GMO feed is one of the latest splits in Senate on labeling bill

WASHINGTON, May 4, 2016 - If a dairy cow eats feed made from genetically engineered grain – and most do – does the milk it produces need to be designated as a GMO product? What about bacon from a pig that ate GMO feed?

This is one of the latest issues that’s holding up senators as they try to cobble together a federal bill to preempt a coming onslaught of state GMO labeling laws, led by one that’s due to take effect in July in Vermont.

Feed isn’t an issue in the European Union’s labeling law or in the Vermont law, but the question and what to do about it is still hanging over the U.S. Senate.

Generally, Republicans and Democrats agree that milk, eggs and meat from livestock that eat GMO feed should not need to be marked as GMO products, but the divide is over how to handle it legislatively.

Michigan’s Debbie Stabenow, the top Democrat on the Senate Agriculture Committee, said last week in a hallway conversation with reporters that she doesn’t believe the issue needs to be addressed in the contentious bill.

“There is work being done there, but USDA is going to have a very important role in rule-making and I’m confident those issues can be addressed,” said Stabenow, who suggested that it shouldn’t be a concern for the livestock and dairy industries. Stabenow noted that neither Vermont nor the European Union considers meat or dairy products that come from animals raised on GMO feed to be GMO. “So I think there’s a path to address that,” she said.

But that’s not nearly good enough for some lawmakers, weary of how USDA implements the laws that Congress passes. There is no way Republicans will be able to accept a bill that does not have assurances in it that milk and meat will not be affected, Sen.

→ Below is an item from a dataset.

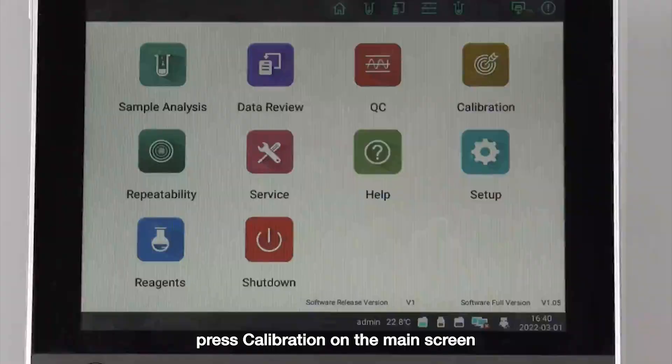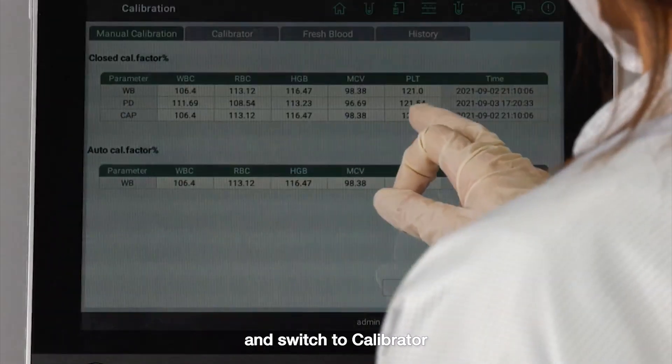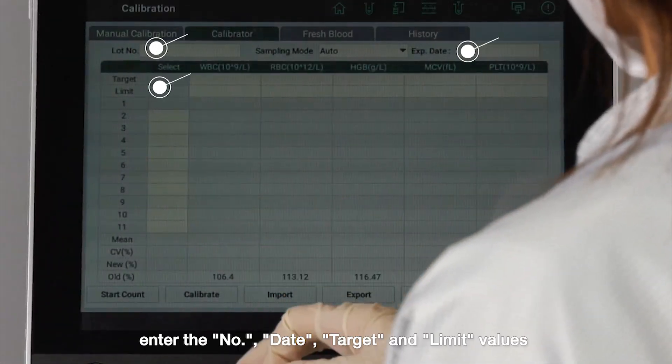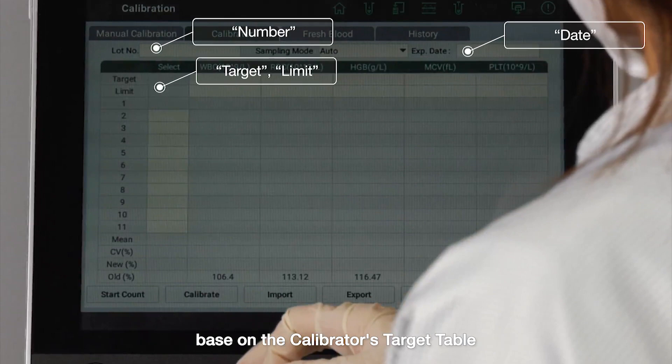Press calibration on the main screen and switch to calibrator. Enter the number, date, target, and limit values based on the calibrator's target table.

John Hoeven, R-N.D., told Agri-Pulse.

“As we work with folks on the other side of the aisle that are willing to support some kind of compromise, we haven’t been able to get them to commit to say in the statute that animal feed doesn’t make the animal a GMO food product,” Hoeven said. “There’s been some discussion that USDA can decide that… but there’s no way we can sell that to our members, certainly on the Republican side, and to our producers that if that language isn’t there and if we just leave it up to USDA that would be satisfactory.”

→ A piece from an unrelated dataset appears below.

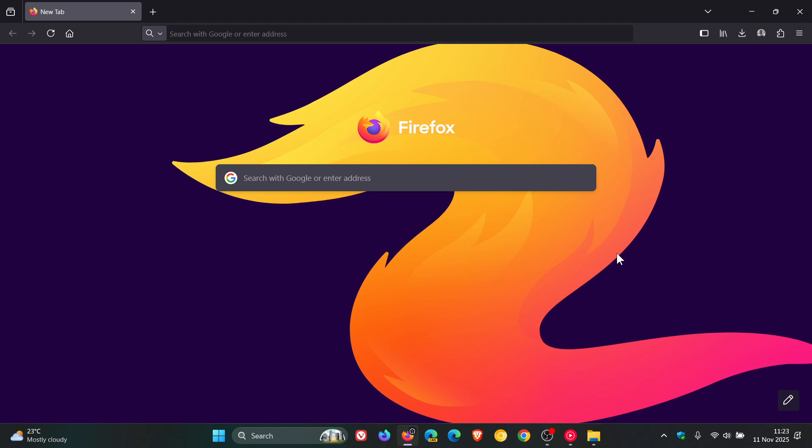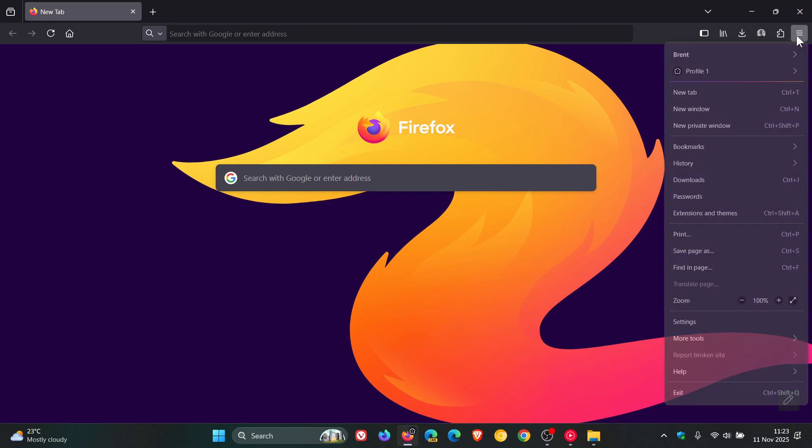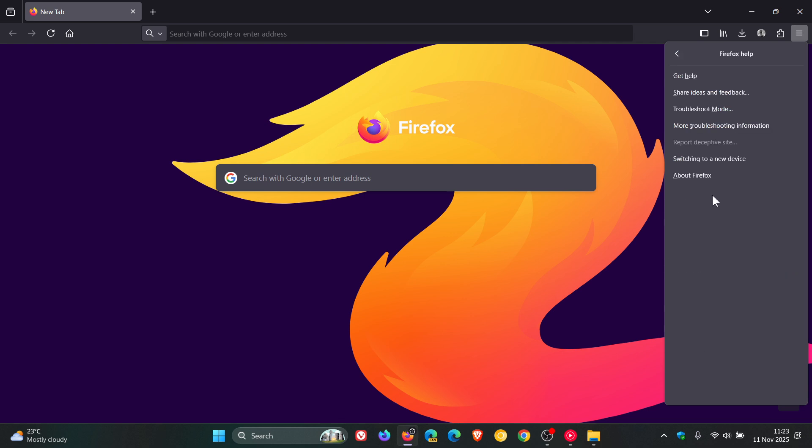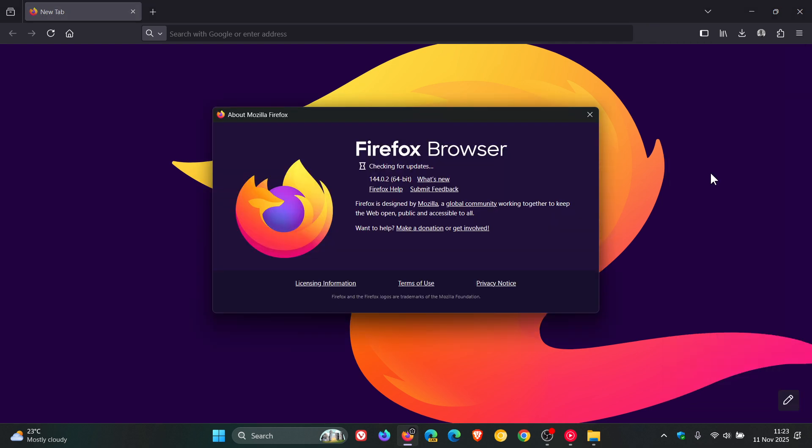But in regards to the latest release back in September of this year I'll let you know that Firefox is ending support for 32-bit Linux and Firefox version 144 would be the last release of the browser which we are currently sitting on to support 32-bit Linux. I'll leave the video linked if you'd like some more information.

The reason behind lawmakers’ fear of leaving something like this issue unresolved in the bill could be the enormity of the impact of a decision to label meat and milk as GMO’s. The U.S. annually produces about 9 billion food-producing animals such as cattle, pigs, chickens, turkeys and goats and 95 percent of them are raised on genetically modified feed, according to a recent review published in the Journal of Animal Science.

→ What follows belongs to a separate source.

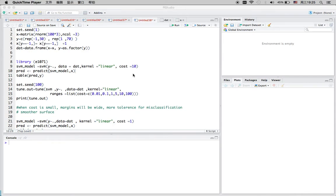Hi, today I'm going to talk about support vector machine. This is a classification algorithm. You can use it whether your data is linearly separable or not linearly separable. I'm also going to show you how to use the SVM function in R.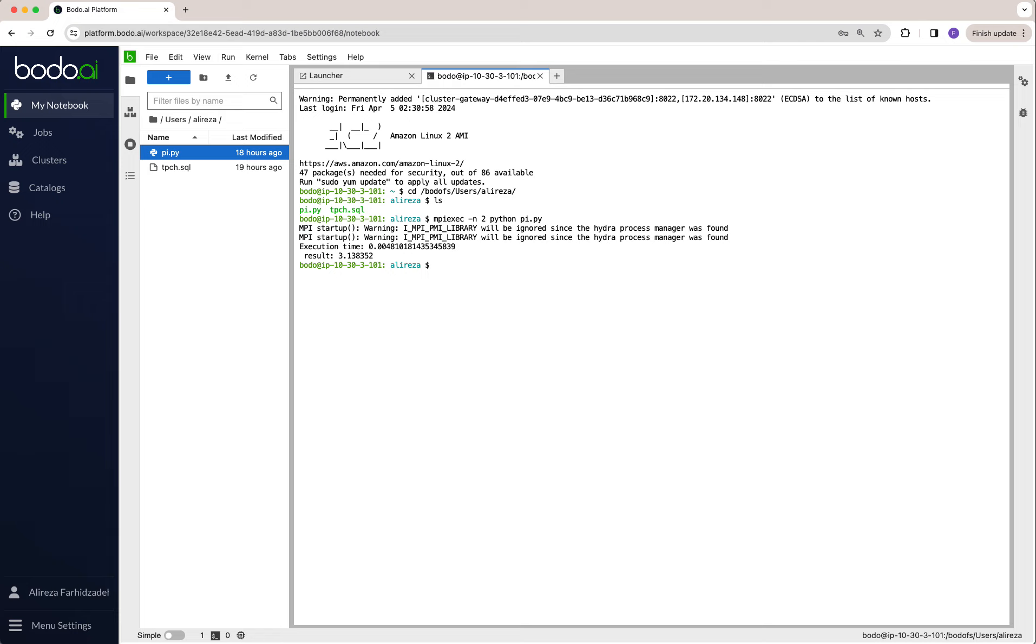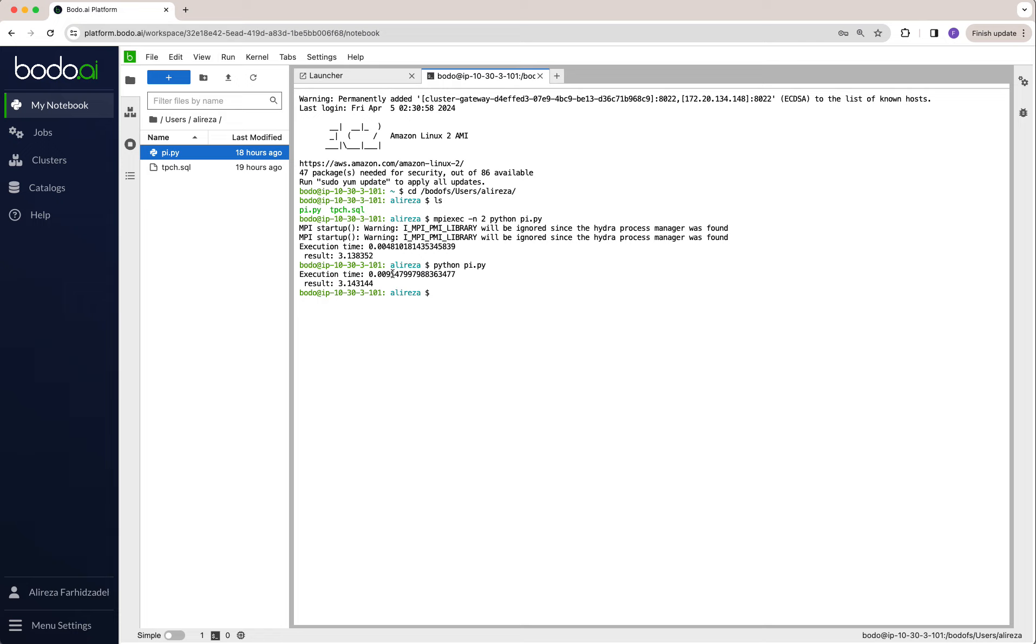The execution time was 0.0048 seconds. If I run the same code with normal Python, as you see, it's almost doubled because we used two cores here. Thank you.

But the review goes on to conclude that, based on dozens of long-term studies there is no reason to label meat or milk products from animals fed genetically modified feed because there is no difference between them and products from animals fed non-GMO feed.

“Studies have continually shown that the milk, meat and eggs derived from animals that have consumed GE feed are indistinguishable from the products derived from animals fed a non-GE diet,” concluded the author, Alison L. Van Eenennaam, cooperative extension specialist for Animal Genomics and Biotechnology at the University of California- Davis.

In other words, the genetic material that makes biotech grain and oilseeds different from traditional varieties is completely absent in the milk, eggs and meat that come from the animals that eat the crops. In fact, Van Eenennaam said, the GMO-fed and non-GMO-fed products are so genetically exact that if you had to tell them apart for labeling purposes, a massively complex supply-chain segregation and traceability system would be needed.